Begonnen hatte Kurz seine Rede mit einem Blick zurück. Die Ereignisse in den vergangenen Tagen hätten sich "überschlagen". Er wolle dazu "persönliche" Anmerkungen machen, weil er "nicht der Chef der ÖVP" sei.
"Ich bin grundsätzlich ein Freund der Klarheit", sagte Kurz. Es gebe das Angebot von Kanzler Kern an ihn, die Regierung fortzusetzen, er wolle jedoch nicht "den 17. Neustart ausrufen" und verkünden, dass "diesmal wirklich, ganz wirklich, alles anders wird". Wenig später wäre man dann dort, wo man immer sei, nämlich bei "Minimalkompromissen". Auch würde damit nur der "Dauerwahlkampf" fortgesetzt.

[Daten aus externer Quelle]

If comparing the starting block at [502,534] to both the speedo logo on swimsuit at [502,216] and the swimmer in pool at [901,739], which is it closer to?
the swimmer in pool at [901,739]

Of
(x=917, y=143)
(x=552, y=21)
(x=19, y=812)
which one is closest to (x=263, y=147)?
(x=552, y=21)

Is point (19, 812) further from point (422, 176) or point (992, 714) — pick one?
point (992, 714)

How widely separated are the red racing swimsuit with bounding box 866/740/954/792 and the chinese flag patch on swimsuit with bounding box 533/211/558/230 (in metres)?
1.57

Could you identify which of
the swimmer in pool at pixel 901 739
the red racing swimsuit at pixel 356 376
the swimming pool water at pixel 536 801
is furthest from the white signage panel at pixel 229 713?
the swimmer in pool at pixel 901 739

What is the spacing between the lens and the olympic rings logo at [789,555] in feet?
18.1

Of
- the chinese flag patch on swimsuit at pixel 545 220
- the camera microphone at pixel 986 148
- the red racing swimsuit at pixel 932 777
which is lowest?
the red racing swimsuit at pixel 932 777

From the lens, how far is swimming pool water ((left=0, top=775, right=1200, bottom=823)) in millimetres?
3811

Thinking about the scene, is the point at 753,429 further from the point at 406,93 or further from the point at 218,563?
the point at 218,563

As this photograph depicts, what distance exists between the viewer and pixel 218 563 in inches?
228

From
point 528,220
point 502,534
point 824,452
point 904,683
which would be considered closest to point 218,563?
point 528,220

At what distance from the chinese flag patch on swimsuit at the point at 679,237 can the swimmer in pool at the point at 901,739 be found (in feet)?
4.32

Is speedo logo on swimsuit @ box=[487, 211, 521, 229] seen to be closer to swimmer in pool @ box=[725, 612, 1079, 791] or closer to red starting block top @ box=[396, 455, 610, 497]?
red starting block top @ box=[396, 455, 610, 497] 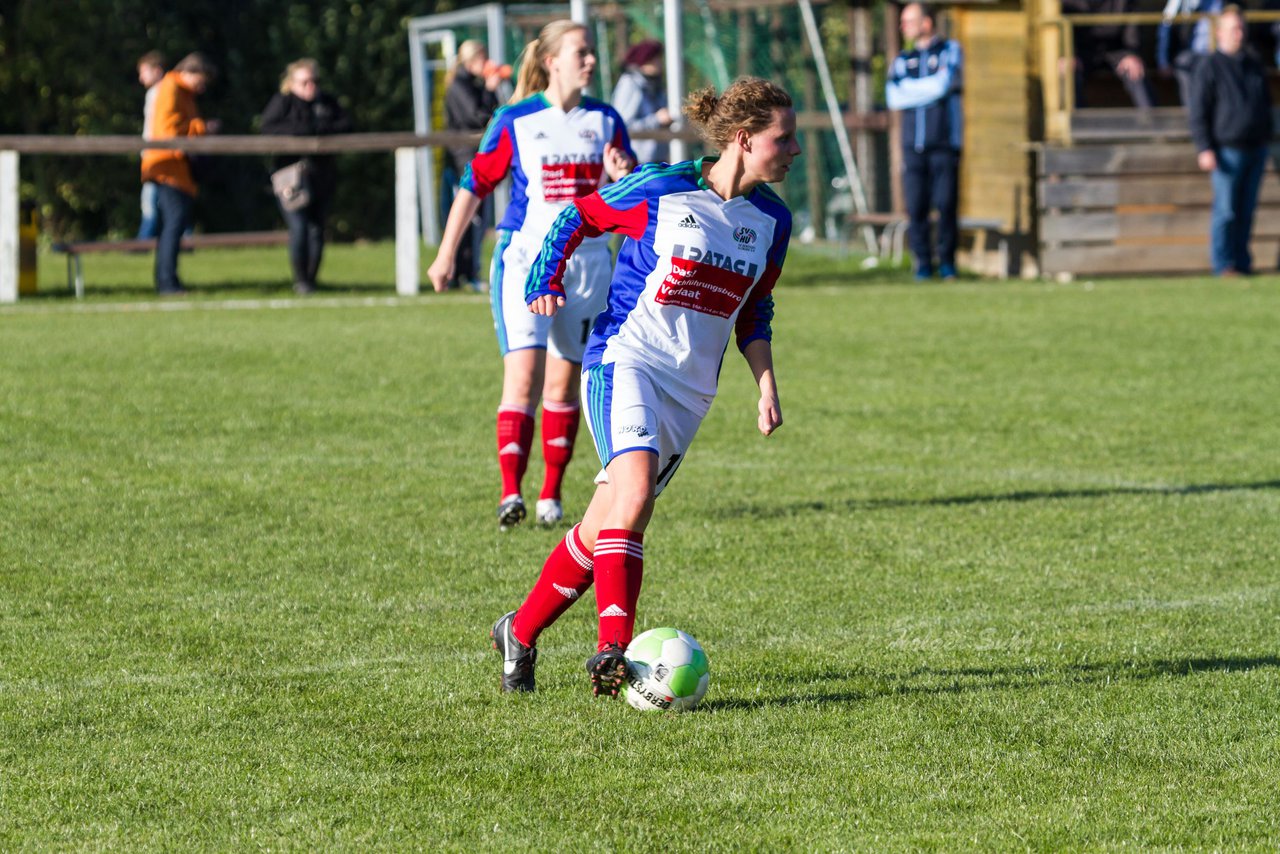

"Doppelstrategie durchkreuzt"
Der Außenminister gesteht Kern oder FPÖ-Chef Heinz-Christian Strache zu, dass auch sie ihre Reformvorstellungen haben. Darüber sollten aber nicht einzelne Politiker, sondern "die Wählerinnen und Wähler entscheiden".
Die letzten, die in Österreich gewählt wurden, seien der frühere Kanzler Werner Faymann (SPÖ) und dessen Vizekanzler Michael Spindelegger (ÖVP) gewesen: "Danach gab es nur noch Parteientscheidungen, nicht Wahlentscheidungen." Das wolle er ändern.
"Ich bleibe mir treu", bekräftigte Kurz und warb nochmals für das Vorziehen der Wahl.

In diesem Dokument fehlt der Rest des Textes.